Task statement: Starting with the line that holds "Coccothraustes coccothraustes", reproduce each line through the last one of the data, exactly as written. Pictures are not copied.
Segment Open
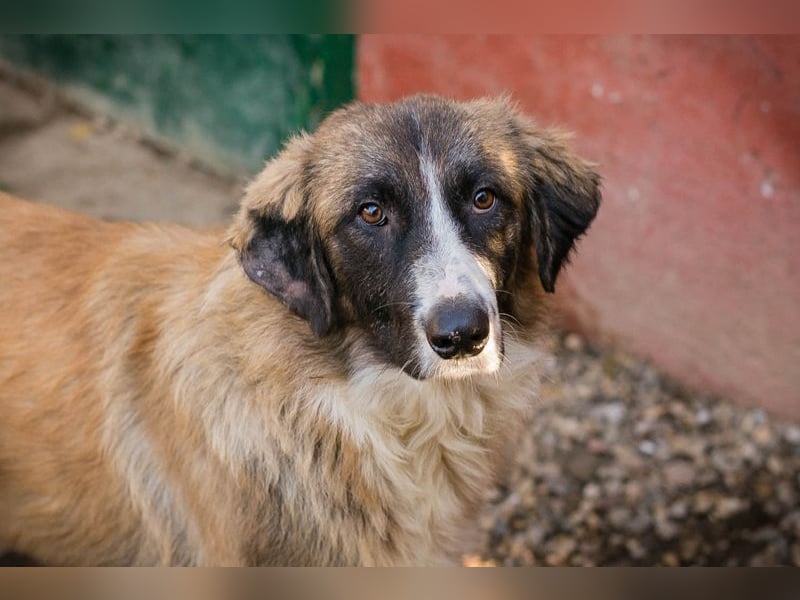 BALU - der fröhliche und freundliche junge Rüde freut sich auf tolle Abenteuer mit seiner Familie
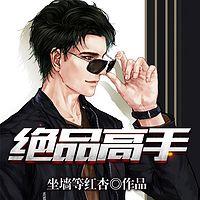 绝品高手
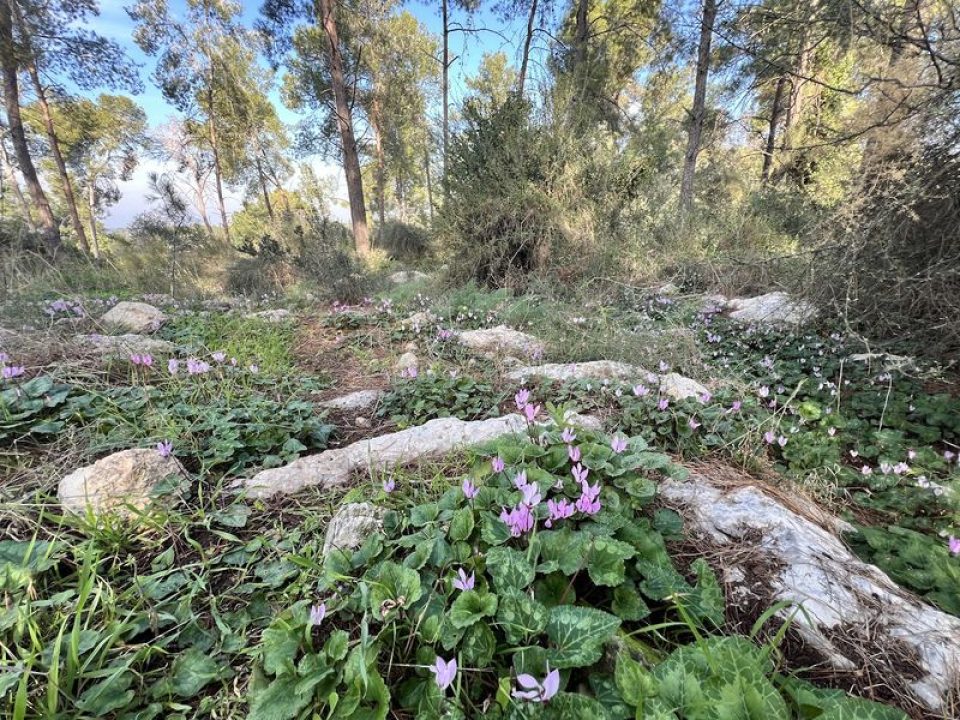 רקפות ביער גיזו
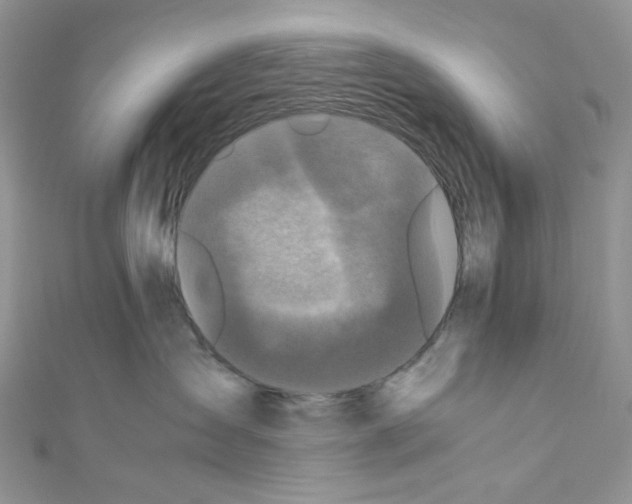 X0000110770431200907271208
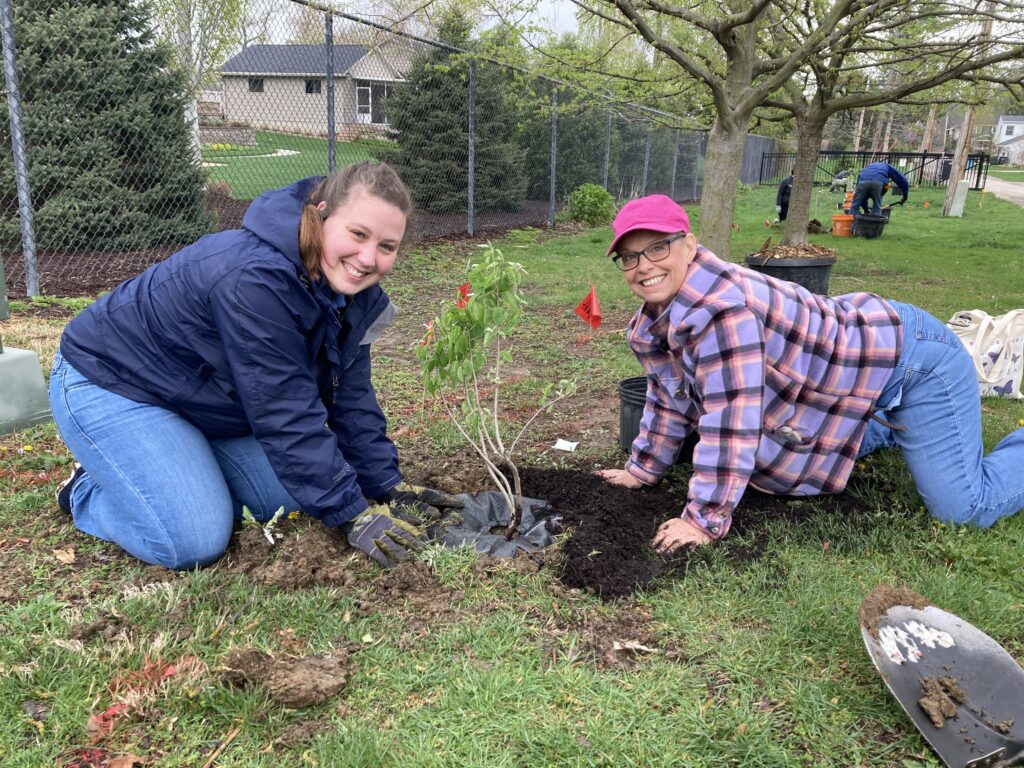 Staff planting trees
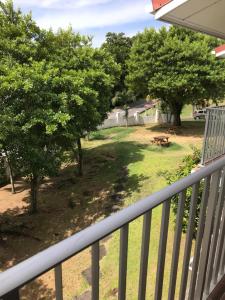 Michel Holiday Apartments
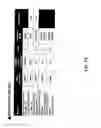 Fig. 31 - WEB-BASED EMPLOYMENT APPLICATION SYSTEM AND METHOD USING BIODATA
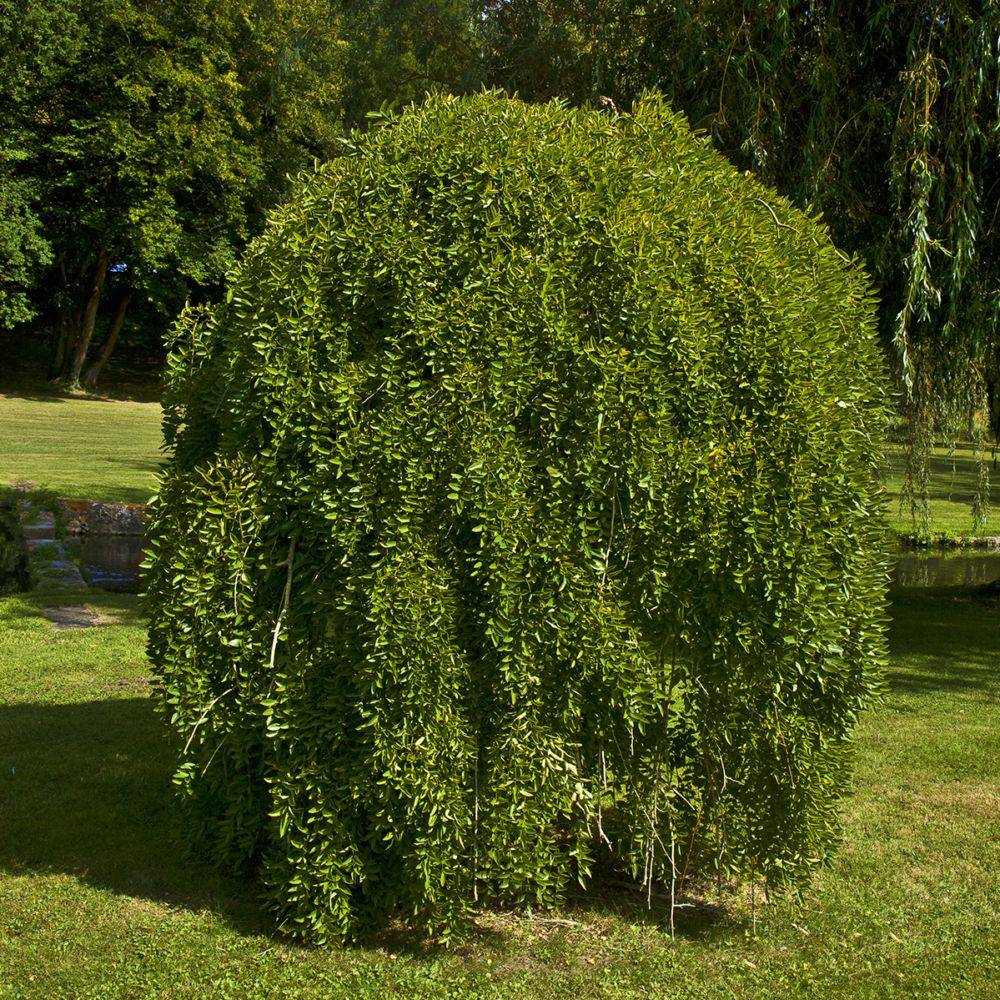 Sophora pleureur - Image 3
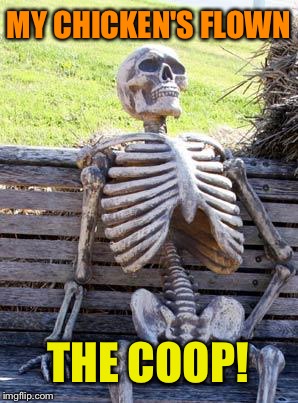 Waiting Skeleton Meme | MY CHICKEN'S FLOWN THE COOP! | image tagged in memes,waiting skeleton | made w/ Imgflip meme maker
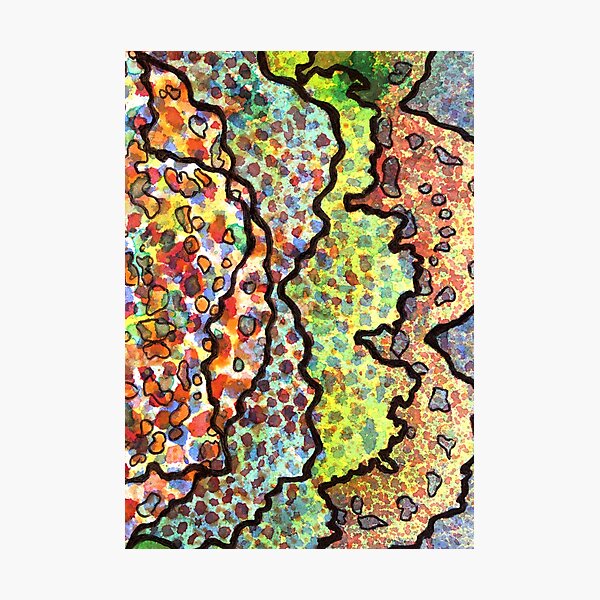 11, Inset A Photographic Print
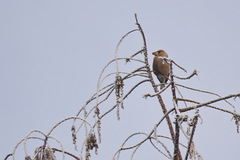 Coccothraustes coccothraustes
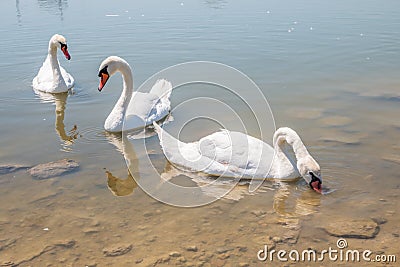 Three Graceful white Swans swimming in the lake, swans in the wild Stock Photo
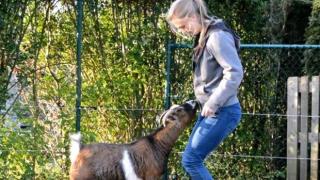 Да тренираш козите като кучета (ВИДЕО)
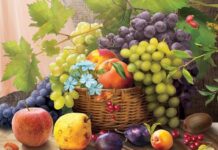 « Tou Bichvat » – Règles relatives aux bénédictions alimentaires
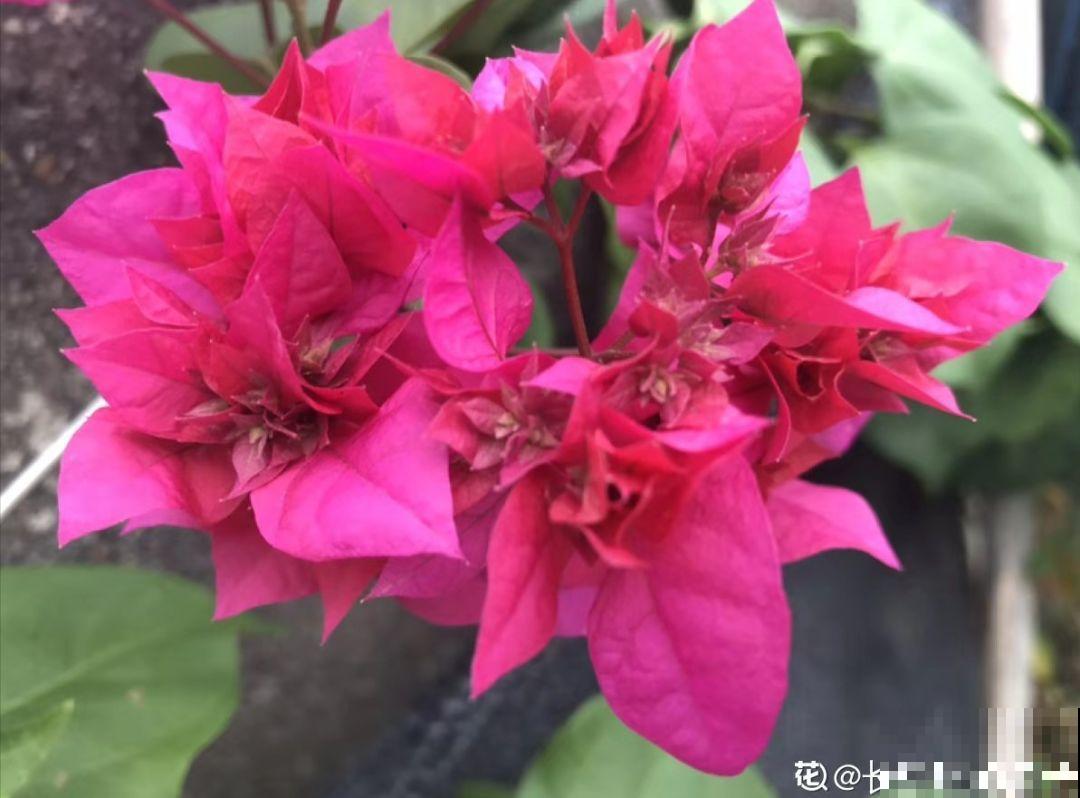 三角梅不开花？旱它15天，花苞蹭蹭往外冒！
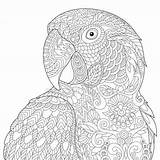 Mandala Guacamaya Zentangle Mandalas Arara Papagei Calopsita Kolorowanki Estilizada Colorir Papuga Macaw Parrot Perroquet Imprimir Stylisé Stylized Stylise Loro Vetores sketch template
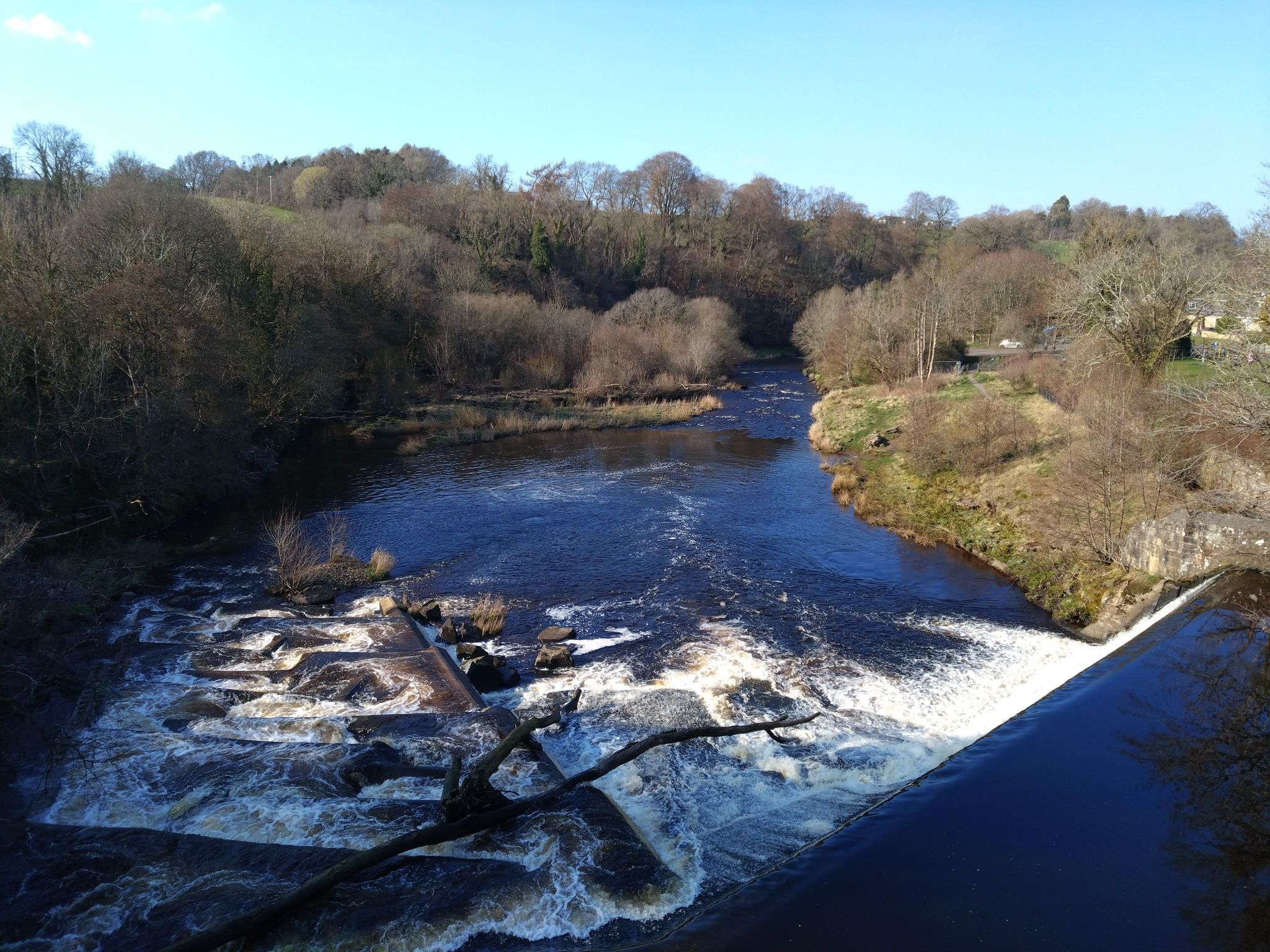 Avon Water at Millheugh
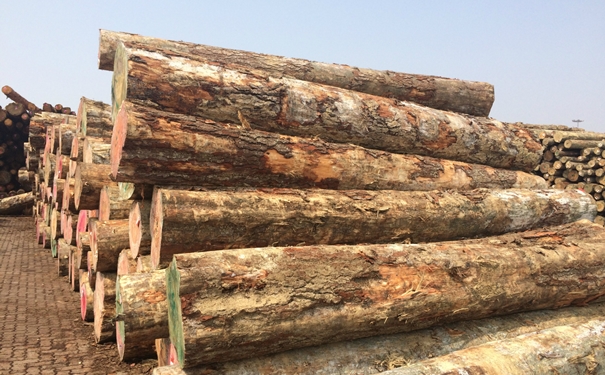 原木進(jìn)口清關(guān)上海代理公司g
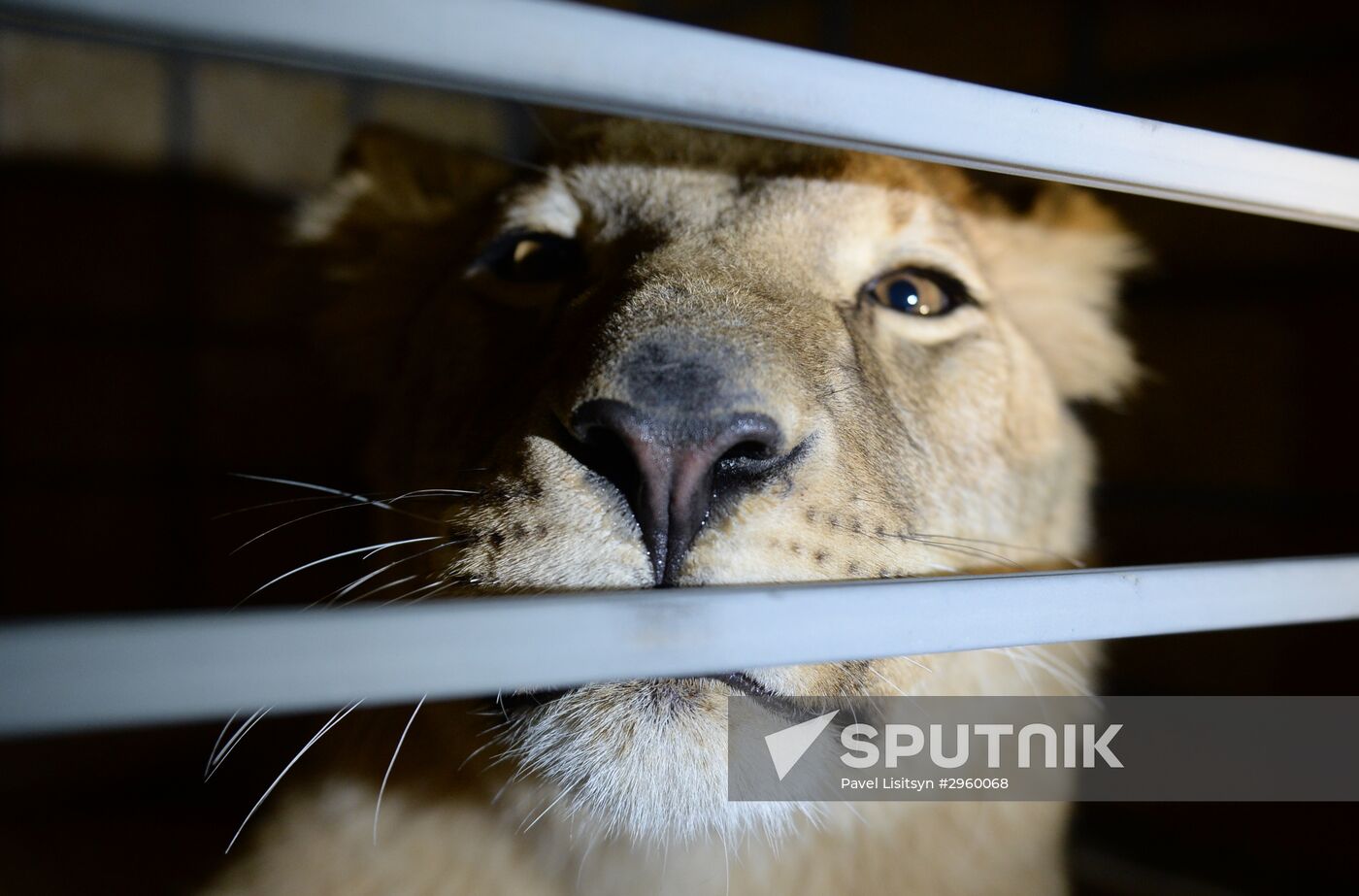 Lioness Lola saved in Southern Urals sent to Crimea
Segment Closed
Output of the task:
 Coccothraustes coccothraustes
 Three Graceful white Swans swimming in the lake, swans in the wild Stock Photo
 Да тренираш козите като кучета (ВИДЕО)
 « Tou Bichvat » – Règles relatives aux bénédictions alimentaires
 三角梅不开花？旱它15天，花苞蹭蹭往外冒！
 Mandala Guacamaya Zentangle Mandalas Arara Papagei Calopsita Kolorowanki Estilizada Colorir Papuga Macaw Parrot Perroquet Imprimir Stylisé Stylized Stylise Loro Vetores sketch template
 Avon Water at Millheugh
 原木進(jìn)口清關(guān)上海代理公司g
 Lioness Lola saved in Southern Urals sent to Crimea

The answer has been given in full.